The town that holds all this came together piece by piece. A resort “Grand Opening” in 1936 put the beach on the map; over the next decades a string of separate beach communities — Long Beach, Edgewater, Gulf Beach and more — grew along the shore, incorporated in 1953, and finally merged into a single City of Panama City Beach in 1970. Before the resorts there were fishing hamlets, turpentine camps, and, during World War II, a shipyard and a gunnery range on St. Andrews Bay.

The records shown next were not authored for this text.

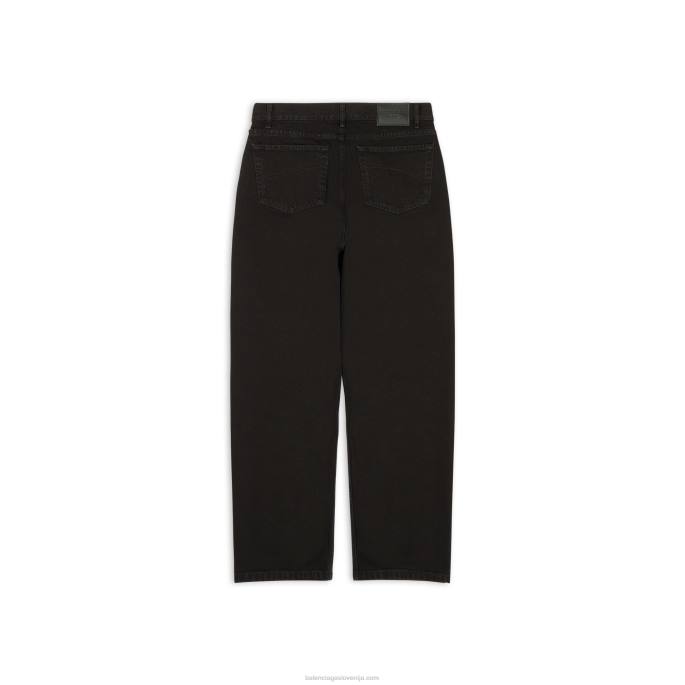 moške velike hlače Balenciaga Črna N4DP1120
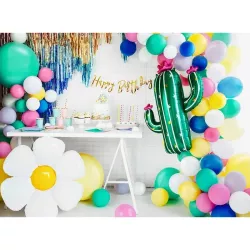 1 golden party curtain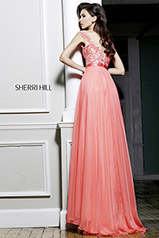 11151 Coral/Nude back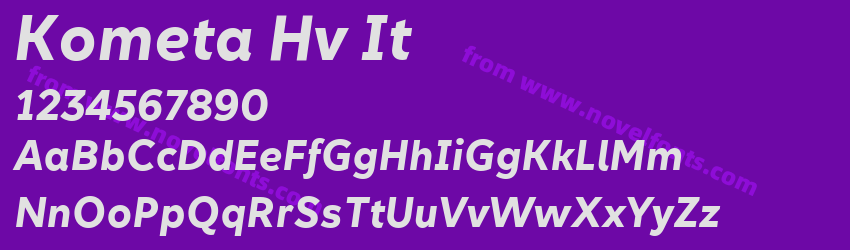 Kometa Hv ItPreview Kometa Hv ItPreview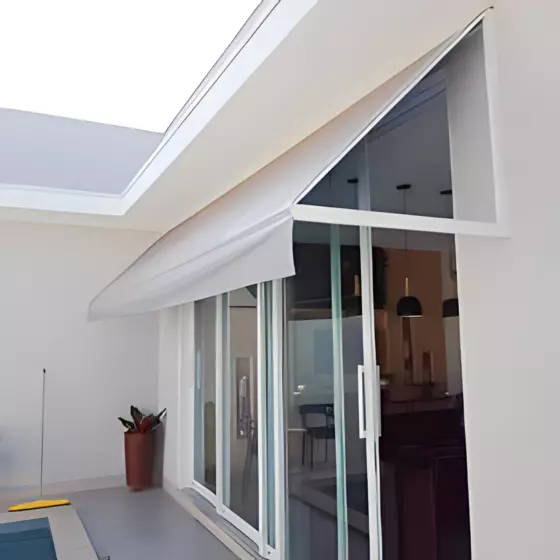 Toldo Fixo de Lona para Garagem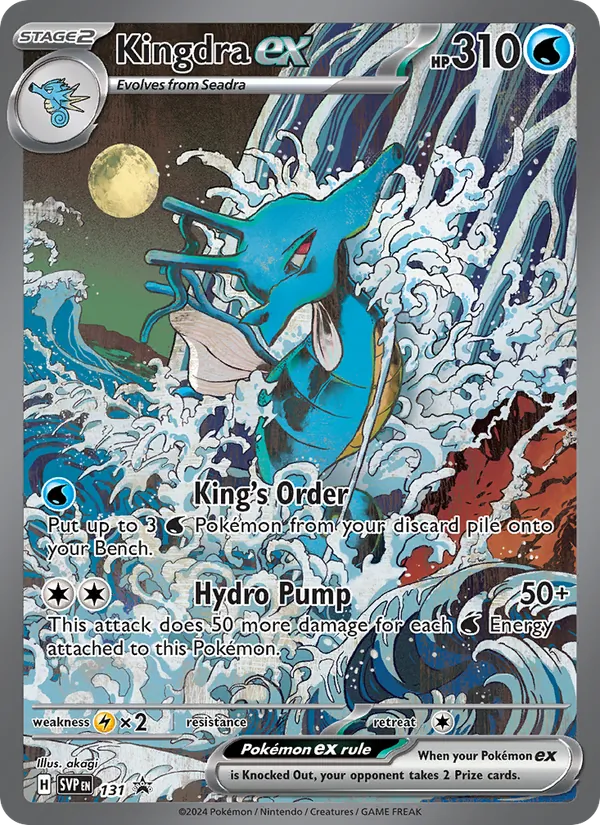 Kingdra ex kartı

Our Panama City Beach logo carries the Florida alligator over “Florida Territory · Est. 1845,” the year Florida became a state — the shared emblem of every Merlin Classics Florida town. Printed in clean retro black-and-white that reads like an old crate label, the alligator stands for Florida as a whole; what makes this one Panama City Beach is everything behind it — the neon Miracle Strip and the Starliner’s wooden hills, Goofy Golf’s concrete dinosaurs, and the quartz-white sand and emerald water of the World’s Most Beautiful Beaches.
Why People Visit Panama City Beach
Panama City Beach rewards visitors who want bright white sand, warm emerald water, and an unpretentious good time, with a thread of retro neon still running through it. Add the piers, Shell Island, and the year-round Gulf sun, and the World’s Most Beautiful Beaches make their own case.